Due to the cable mechanics, displacements occur between the
individual fibers in the stands. These displacements are not
translated by way of a relative movement between the filaments, but
by a reversible stretching of the matrix.
The stranding of threads to form a strand is termed a first
stranding stage. The stranding of strands to form a tensile carrier
or to form a cable is termed a second stranding stage. The tensile
carriers can be built up from chemical fibers such as, for example,
aramide fibers, Vectran (Kuraray Co., Ltd., Japan) fibers,
polyethylene fibers, polyester fibers, etc.
For reducing the bending stress, the tensile carrier consists of
thin strands stranded for each strand layer, wherein each strand
consists of threads stranded for each thread layer. The smaller the
diameter of the strand, the smaller the bending stresses resulting
from bending around the drive pulley or around the deflecting
pulley. By means of smaller strand diameters and a multi-layered
(double-layered, triple-layered or quadruple-layered) construction
of the tensile carriers the relative movements, which lead to wear
of the strands, from strand to strand can be kept small. A high
service life of the tensile carriers is thus ensured. Moreover,
some of the strands have, by virtue of the size factor, a higher
tensile strength than strands with large diameter, which
advantageously has the consequence of a higher breakage force.
The supporting and drive means for uses in elevator construction,
particularly as supporting and drive means for the elevator car and
the counterweight, can have, for example, the geometry of a flat
belt or a ribbed belt or the geometry of a cogged belt. Other
current belt geometries are also conceivable. The tensile carriers
are arranged adjacent to one another in the belt, wherein the
tensile carriers are laid or stranded alternately in an "S"

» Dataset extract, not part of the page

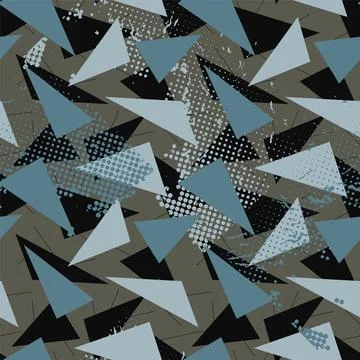 Seamless urban pattern with chaotic triangle shapes and grunge spots Stock Illustration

direction and a "Z" direction and lie relatively closely adjacent
to one another. Depending on the respective belt geometry, at least
two, preferably between four and twelve, tensile carriers are
provided.
These tensile carriers are built up as explained further above as a
fiber composite, wherein the synthetic material (matrix material)
surrounding the strands is preferably of polyurethane and lies in
the hardness range of 50D to 75D and the fibers accepting the
tension forces are preferably of aramide. For reduction in the
coefficient of friction and the wear, between 1% and 10% Teflon
(registered trademark of E. I. du Pont de Nemours and Company,
Wilmington, Del.) material is admixed to the matrix material. Other
additives such as wax or "Teflon" powder are also usable.

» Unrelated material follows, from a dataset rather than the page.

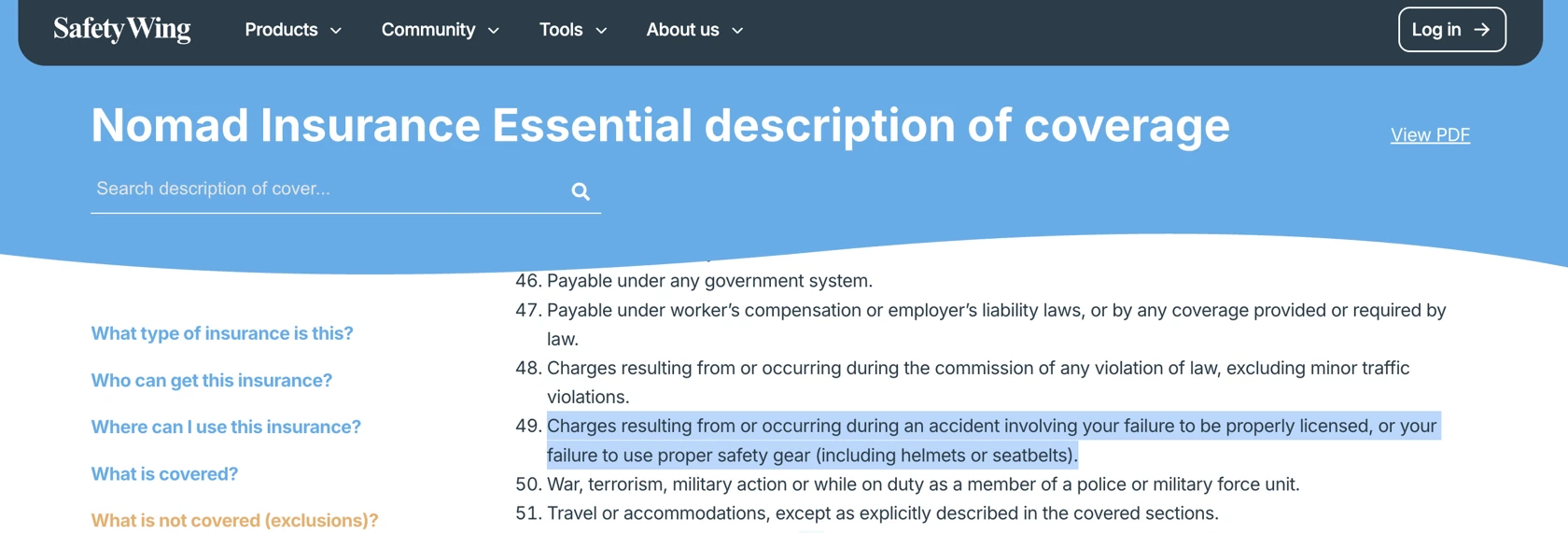 SafetyWing Nomad Insurance description of coverage, showing key exclusions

Moreover, a connection exists between the Shore hardness of the
sheathing and the Shore hardness of the matrix. The sheathing can
have a Shore hardness of 72A to 95A and the matrix a Shore hardness
of 80A to 98A. If the material hardnesses of sheathing and matrix
approach one another, then, as has emerged from tests, an improved
connection between sheathing and matrix is achieved. If a too-hard
sheathing material is used, promotion of cracks has to be taken
into account. If the matrix material of the strands, which are
stranded to form a tensile carrier, is selected to be too soft,
this leads to increased wear of the strands and a considerable
reduction in service life. The pairing of Shore hardnesses 85A for
the sheathing and 95A (which corresponds with a Shore hardness 54D)

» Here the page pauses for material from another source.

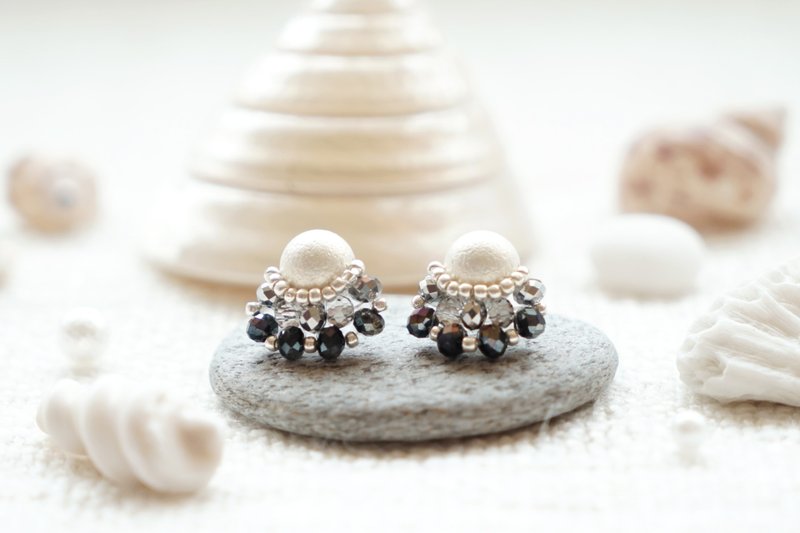 蚌壳夫人 - 珍珠贝壳耳环 - 深海黑 (316L不锈钢抗敏耳针/耳夹) - 耳环/耳夹 - 其他材质 黑色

for the matrix has proved ideal.
The tensile carriers are laid or stranded in the "S" direction and
the "Z" direction in alternation for avoidance of torques in the
supporting and drive means. The torque of one tensile carrier
twists in opposite direction to the first of the other tensile
carrier, so that the torques mutually cancel. The supporting and
drive means neutral in torque does not twist due to the
introduction of a tension force. In addition, two or three tensile
carriers stranded in the "S" direction and two or three tensile
carriers stranded in the "Z" direction can be arranged adjacent to
one another. It is critical that the stranding in the "S" direction
and the "Z" direction is neutral in torque relative to the
longitudinal axis extending in the center of the supporting and
drive means.
An optimum ratio of lay length of the strand layers to the diameter
"D" of the drive pulley or deflecting pulley is additionally
advantageous. The lay length "SL" depends on the necessary number
"n" of lay lengths resting on the drive pulley or deflecting
pulley, on the pulley diameter "D" and on the angle alpha of
looping: SL=(PiDalpha)/(n360.degree.) "n" has been determined from
tests and lies in the range of 2 to 5.
The lay length "SL" is also connected with the "E" modulus of the
synthetic fibers. With increasing "E" modulus a smaller lay length
can be selected for an unchanged fiber cross-sectional area without
the spring stiffness of the support means being reduced. The lay
length "SL" is usually between 4 to 10 times the tensile carrier
diameter "d". SL=(4 to 10).times.d, and the ratio D/d amounts to 10
to 50 (drive pulley diameter "D" to tensile carrier diameter
"d").
The pressure "p" of the tensile carrier on the drive pulley is
calculated according to the following formula:
p=2.times.F.times.k/(d.times.D) F=maximum occurring static tension
force d=tensile carrier diameter D=drive pulley diameter or pulley
diameter k=amplification factor>=1 (depending on the groove
geometry) "p" can adopt values between 2 to 50 MPa.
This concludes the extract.